### Provided data

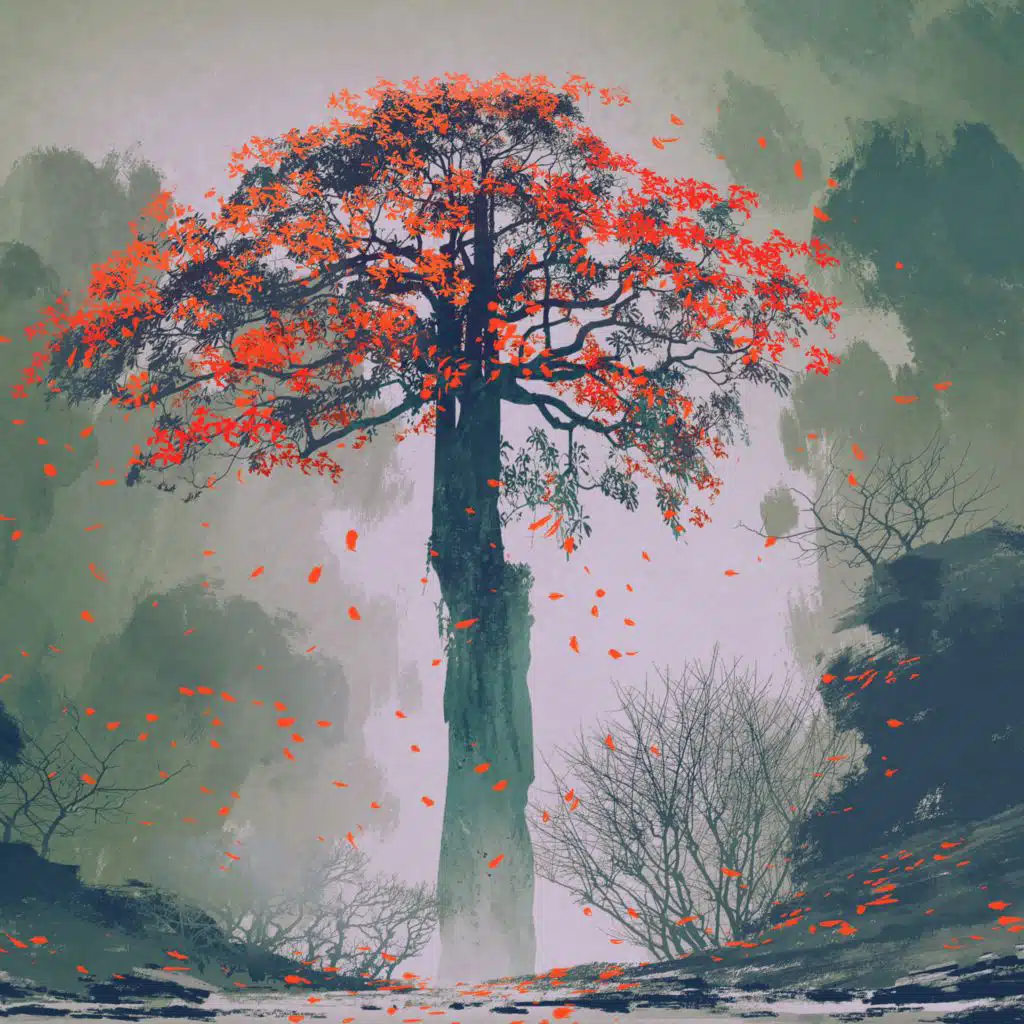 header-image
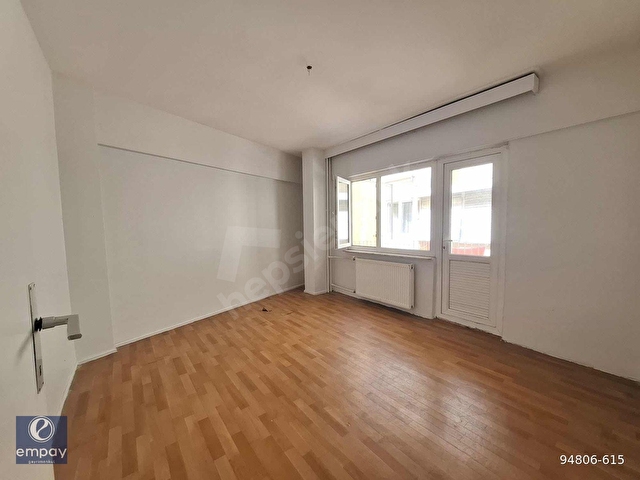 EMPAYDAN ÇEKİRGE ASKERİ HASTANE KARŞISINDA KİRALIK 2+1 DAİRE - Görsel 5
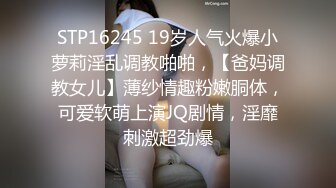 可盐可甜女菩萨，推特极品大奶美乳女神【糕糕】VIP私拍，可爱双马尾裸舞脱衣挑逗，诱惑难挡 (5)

######

Copy the listing above verbatim, leaving out pictures.

 header-image
 EMPAYDAN ÇEKİRGE ASKERİ HASTANE KARŞISINDA KİRALIK 2+1 DAİRE - Görsel 5
 可盐可甜女菩萨，推特极品大奶美乳女神【糕糕】VIP私拍，可爱双马尾裸舞脱衣挑逗，诱惑难挡 (5)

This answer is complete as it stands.